Task: Below are the records; return every line from the one that contains "Caladenia verrucosa G. W. Carr resmi" to the last, exactly, skipping the pictures.

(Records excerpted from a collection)
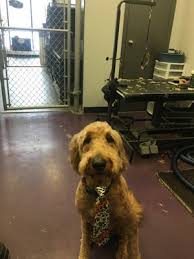 We also provide full service grooming for all dog breeds and cats. Sham Pooches Grooming Spa 16 Photos Pet Groomers 730 Ormsby Road West Nw Edmonton Ab Phone Number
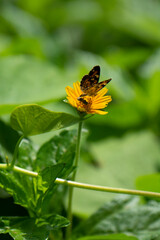 Papillon noir aux couleurs jaunes et belles fleurs naturelles sur la rive du fleuve en Amérique latine Mexique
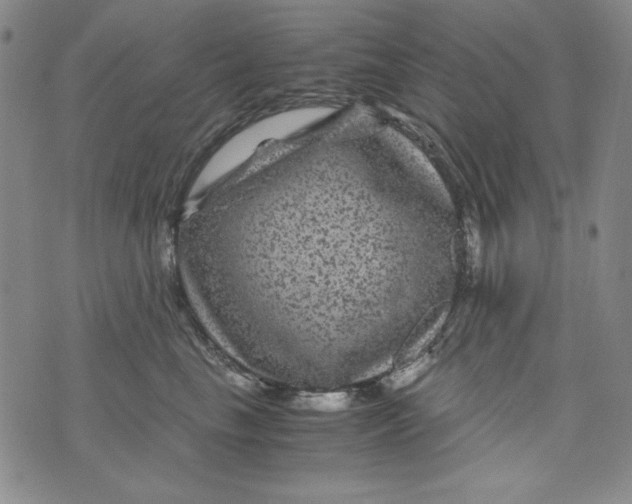 X0000075920665200610062209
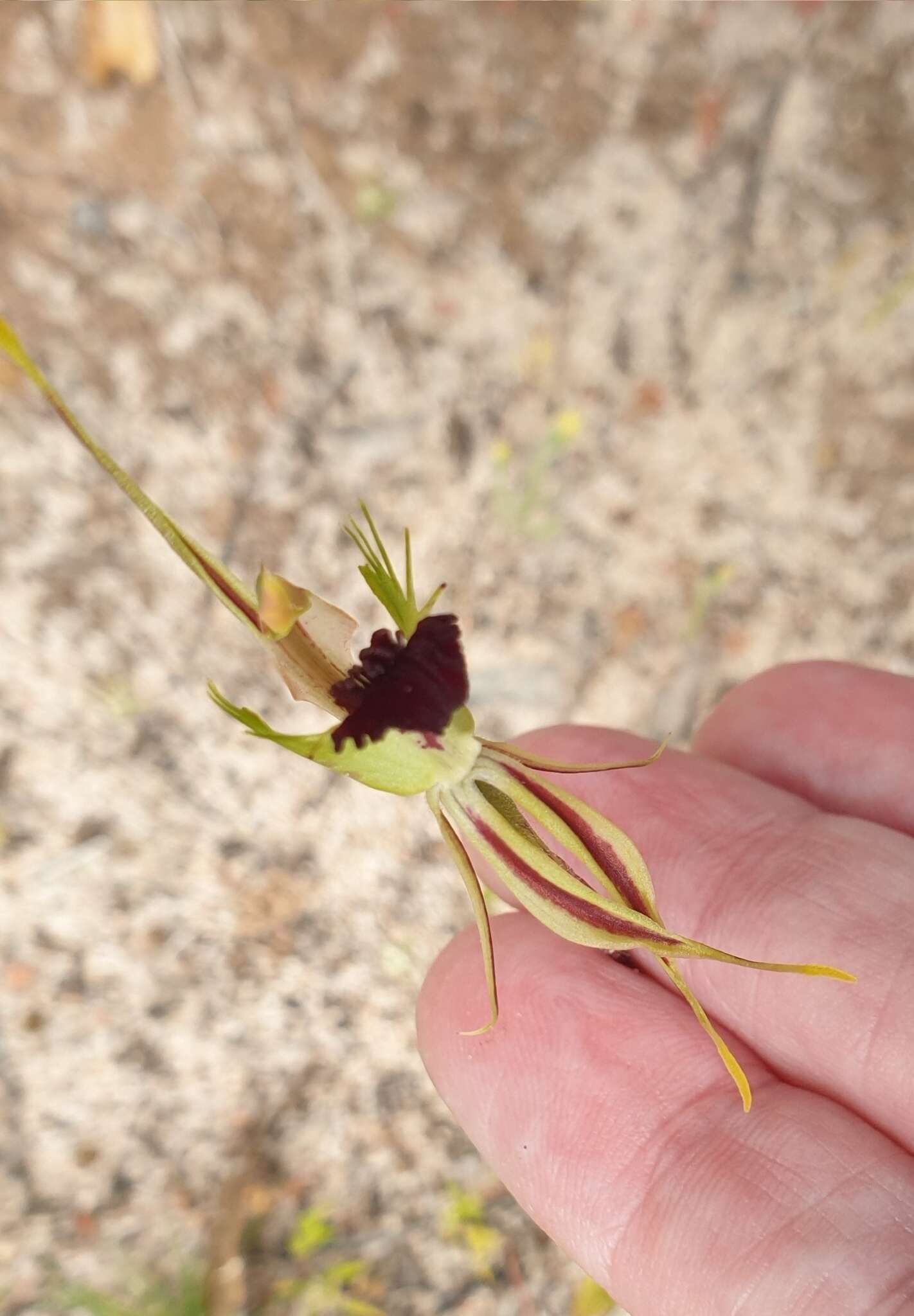 Caladenia verrucosa G. W. Carr resmi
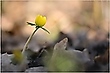 Die ersten Winterlinge
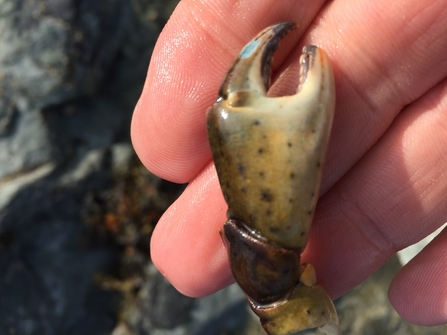 Shore crab v trout/cranc gwyrdd neu sewin ©David Leask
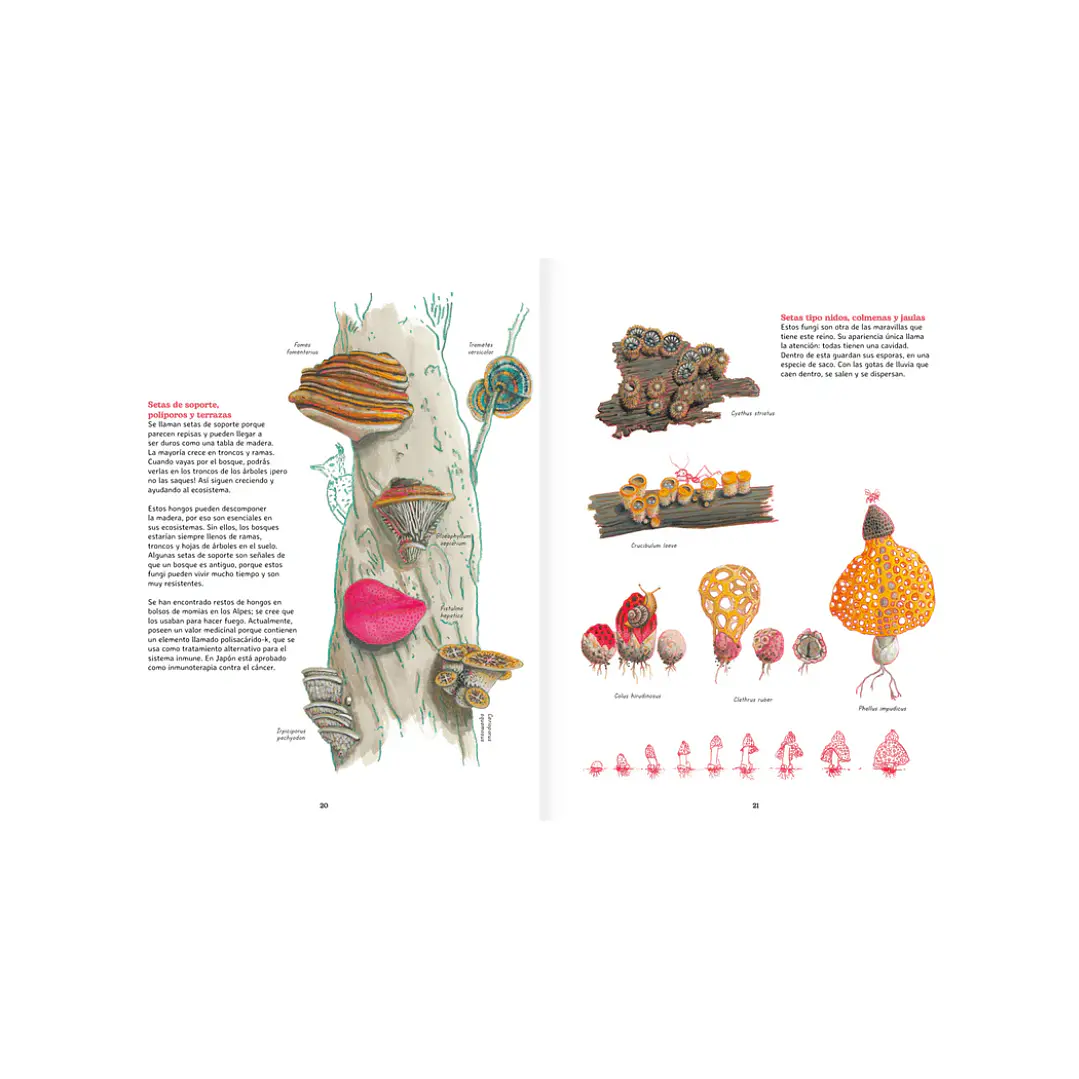 Reino Fungi, Octavia Mosciatti & Loreto Salinas 7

Final answer:
 Caladenia verrucosa G. W. Carr resmi
 Die ersten Winterlinge
 Shore crab v trout/cranc gwyrdd neu sewin ©David Leask
 Reino Fungi, Octavia Mosciatti & Loreto Salinas 7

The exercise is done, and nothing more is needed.